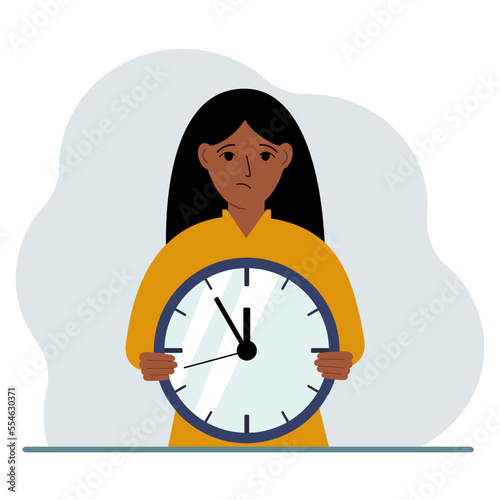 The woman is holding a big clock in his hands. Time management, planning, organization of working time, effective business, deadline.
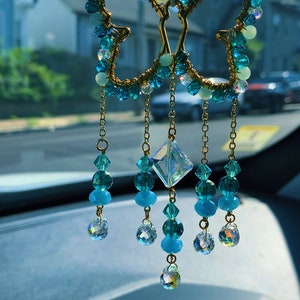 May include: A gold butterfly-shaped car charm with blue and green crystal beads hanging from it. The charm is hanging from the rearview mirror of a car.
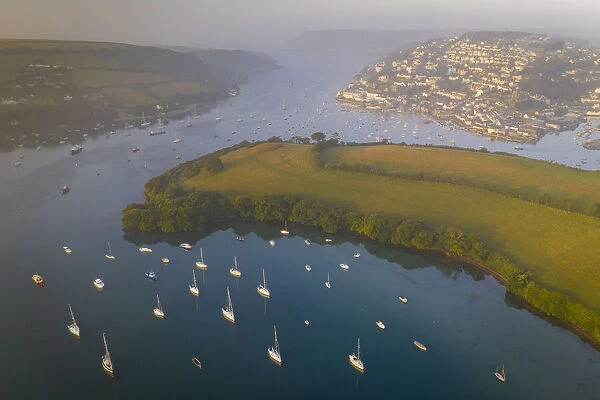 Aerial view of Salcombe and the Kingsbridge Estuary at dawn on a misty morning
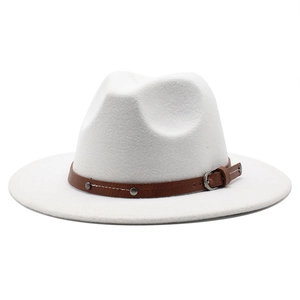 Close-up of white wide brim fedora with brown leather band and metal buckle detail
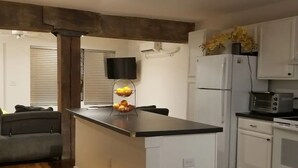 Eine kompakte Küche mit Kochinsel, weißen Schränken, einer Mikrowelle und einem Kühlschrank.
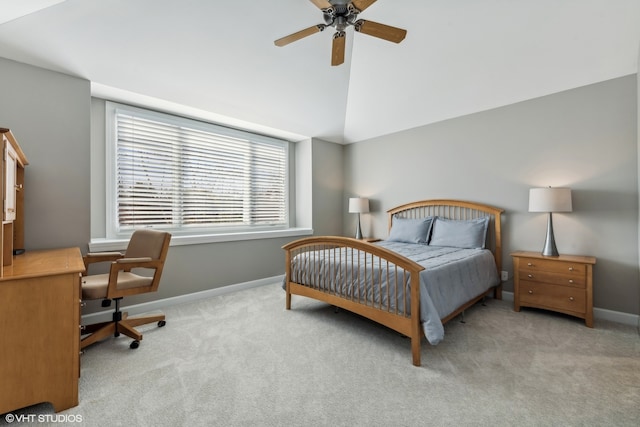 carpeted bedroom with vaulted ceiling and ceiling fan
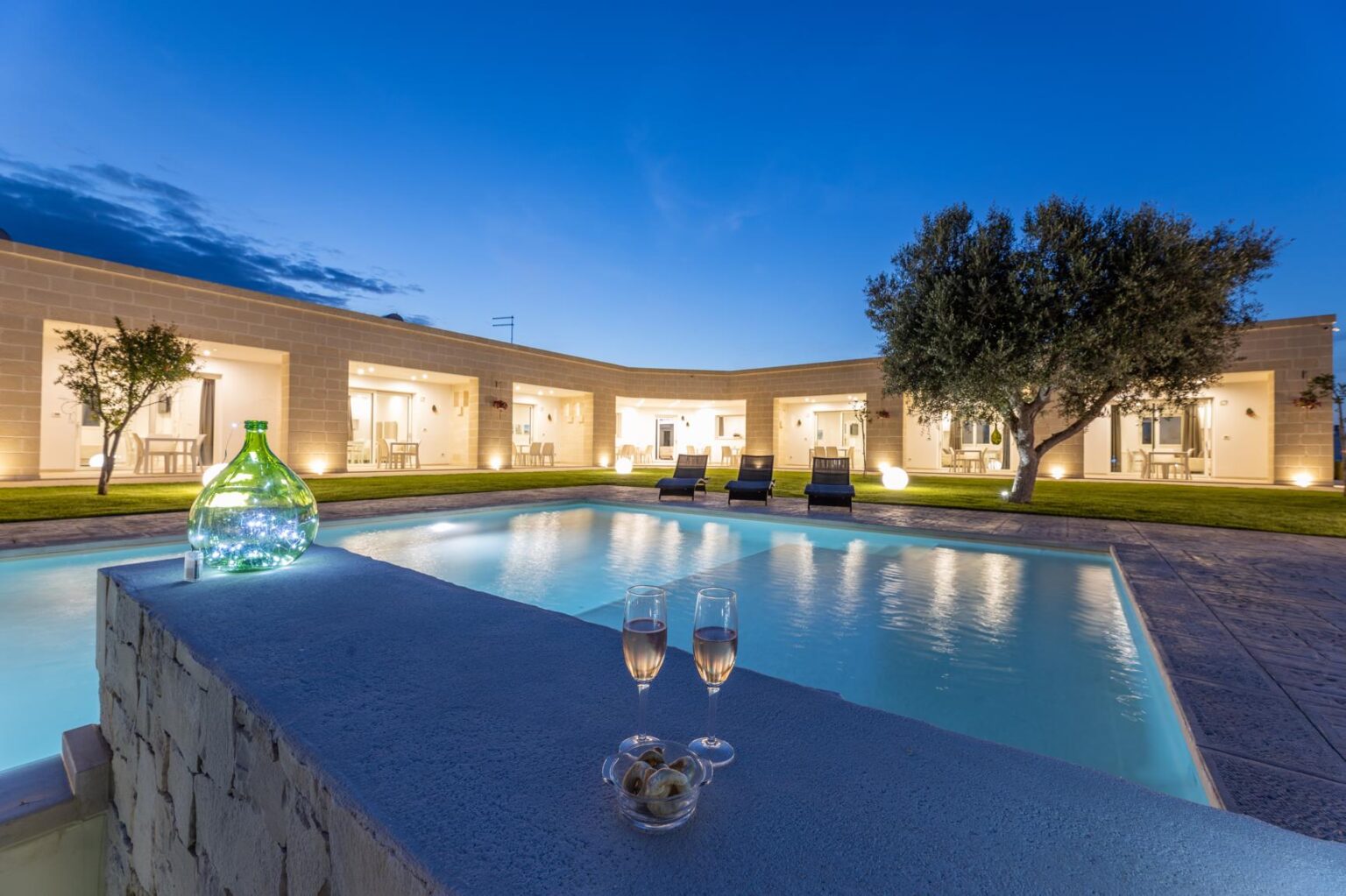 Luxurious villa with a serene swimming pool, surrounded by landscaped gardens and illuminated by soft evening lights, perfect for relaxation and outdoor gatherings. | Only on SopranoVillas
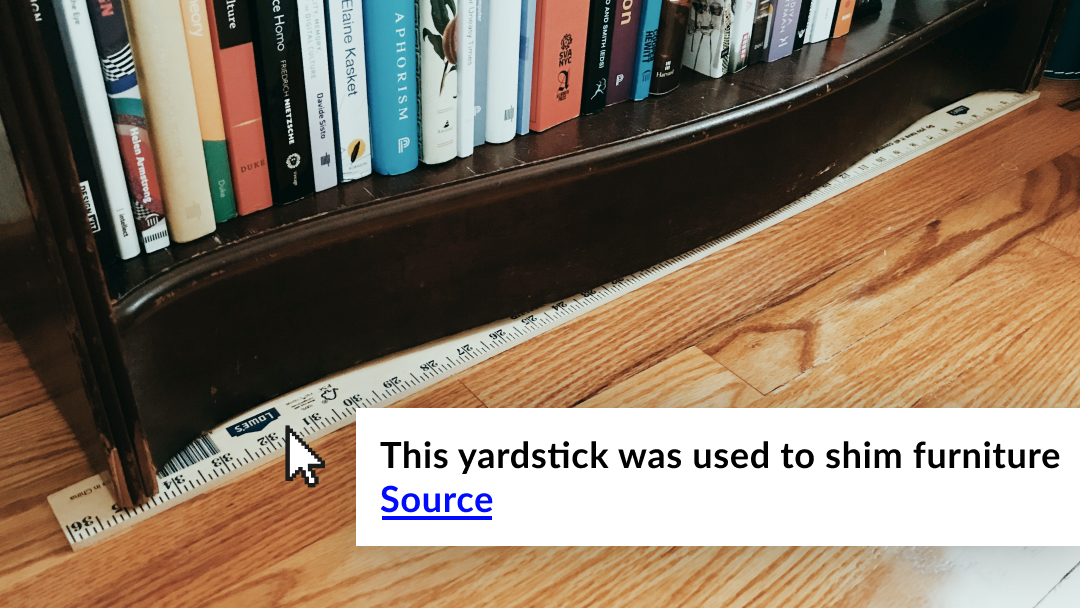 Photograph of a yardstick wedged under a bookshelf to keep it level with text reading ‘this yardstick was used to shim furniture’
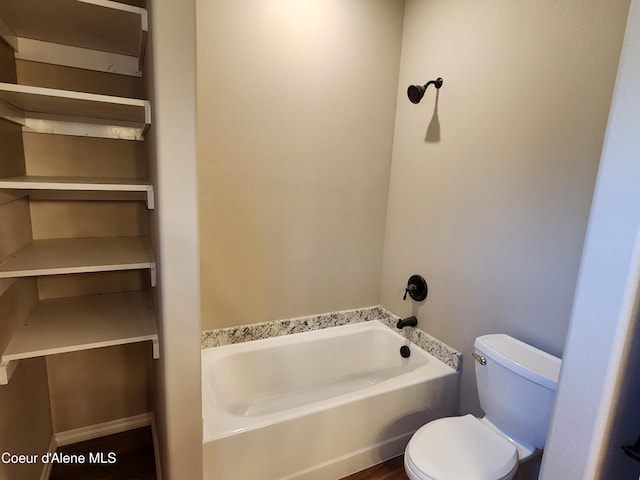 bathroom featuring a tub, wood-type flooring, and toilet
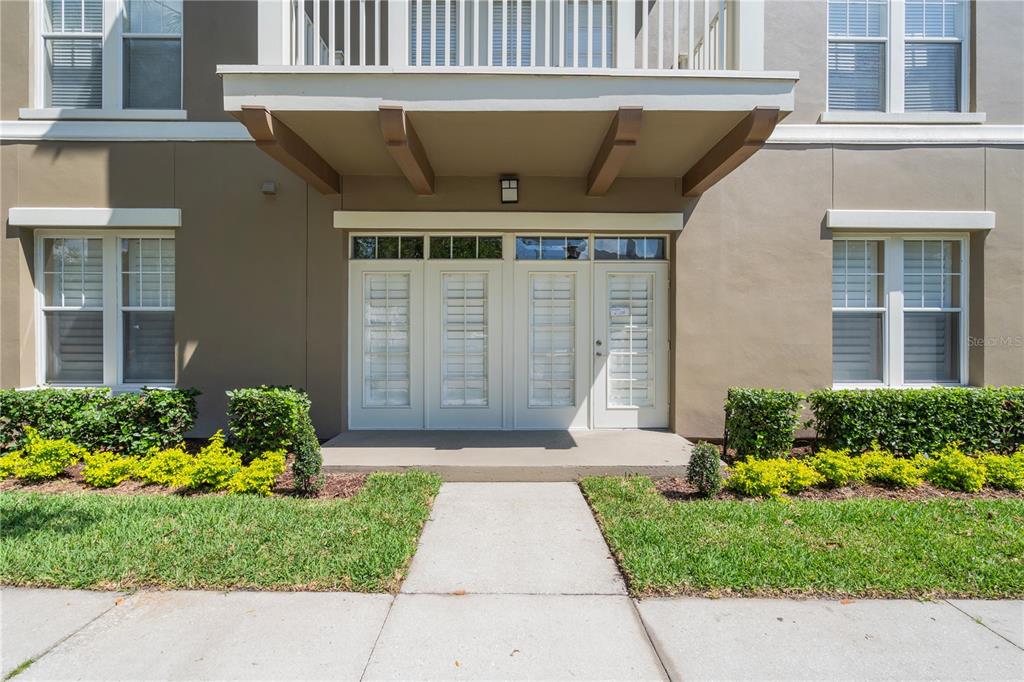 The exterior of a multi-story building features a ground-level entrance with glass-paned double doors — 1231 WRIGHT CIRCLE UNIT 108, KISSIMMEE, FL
...
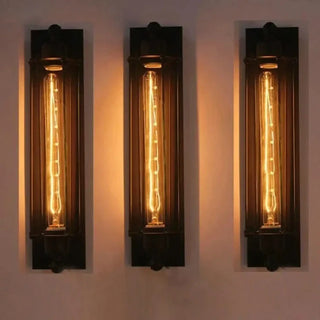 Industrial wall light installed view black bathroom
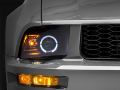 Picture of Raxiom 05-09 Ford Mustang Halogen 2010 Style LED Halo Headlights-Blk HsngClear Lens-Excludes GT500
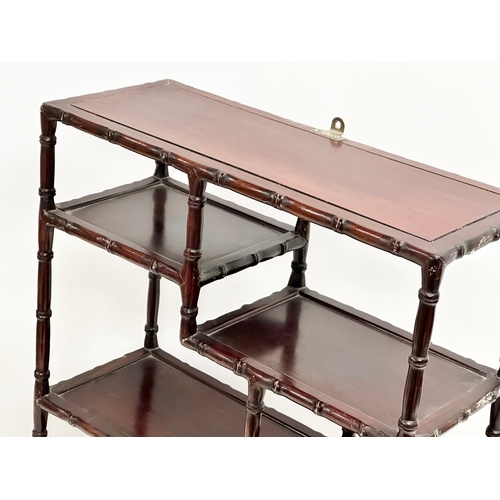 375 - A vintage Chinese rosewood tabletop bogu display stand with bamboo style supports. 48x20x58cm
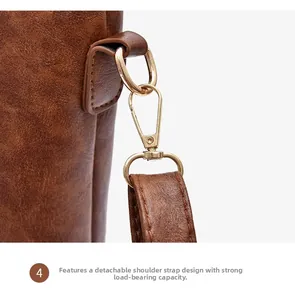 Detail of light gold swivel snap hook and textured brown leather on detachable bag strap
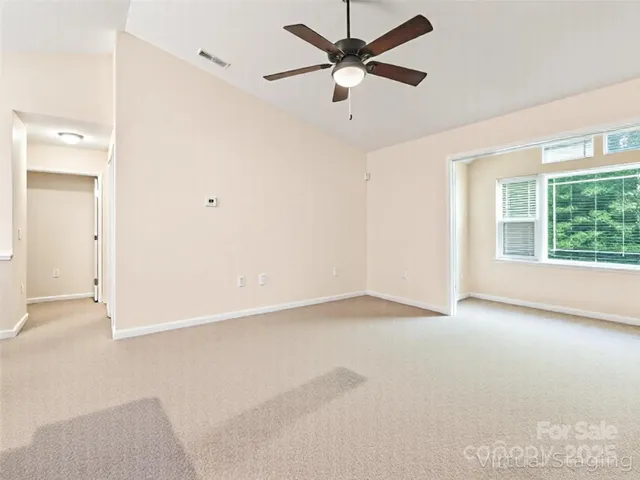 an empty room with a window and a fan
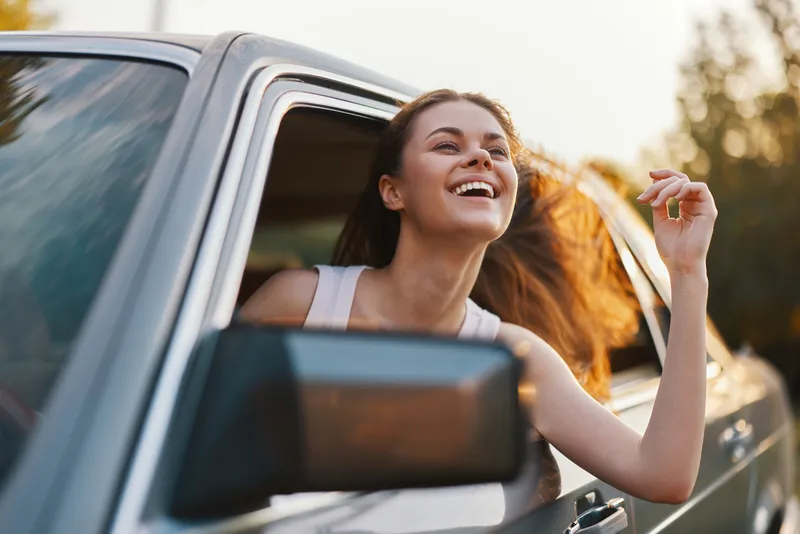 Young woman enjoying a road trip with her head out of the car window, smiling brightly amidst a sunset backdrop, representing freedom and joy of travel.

== What to do ==
Give back exactly the lines of the listing above from the one that contains "375 - A vintage" up to and including the one that contains "Young woman enjoying", but not the pictures, and no other lines.

== Exercise result ==
 375 - A vintage Chinese rosewood tabletop bogu display stand with bamboo style supports. 48x20x58cm
 Detail of light gold swivel snap hook and textured brown leather on detachable bag strap
 an empty room with a window and a fan
 Young woman enjoying a road trip with her head out of the car window, smiling brightly amidst a sunset backdrop, representing freedom and joy of travel.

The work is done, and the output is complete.